Supersonic Festival are immensely proud to announce iconic pioneers of heavy music, Neurosis as their headliners for 2019- Supersonic’s 15th edition.

WEEKEND TICKETS ON SALE NOW!

 

“Its been a long time coming, but finally Neurosis is teaming up with the folks at Supersonic for a special event in Birmingham, a holy land for heavy music. We have known Supersonic to be kindred spirits since we first met years ago to discuss our mutual commitment to supporting independent, emotionally intense artists. Their lineup over the years has mirrored our own appreciation for eclectic sound with a depth of spirit and passion, creating a platform for some of the most interesting and inspired artists around. This is not to be missed.” – Steve Von Till

 

We unload this and much more in our latest podcast, with Anna Palmer and Alice Tomlinson discussing the many ecstatic events on Supersonic’s horizon.
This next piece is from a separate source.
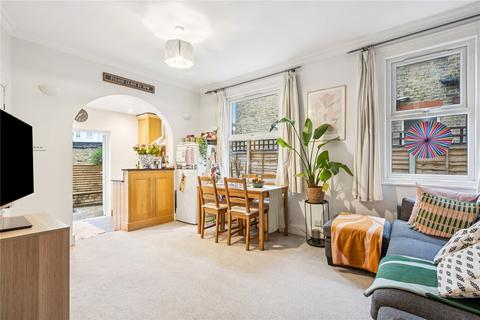 Barmouth Road, SW18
These include our imminent end of year party at Centrala (Hey Collosus/ Youth Man/ Matters and Yama Warashi), The Messthetics show at Hare and Hounds as well as the upcoming OUTLANDS tour ‘Ecstatic Material’, a brand new collaboration between electronic musician Beatrice Dillon and visual artist Keith Harrison.

As champions of new music we also share some reflections on Tusk Festival 2018, bringing you some exciting sounds that have got us going these past couple of months.

WEEKEND TICKETS ON SALE NOW!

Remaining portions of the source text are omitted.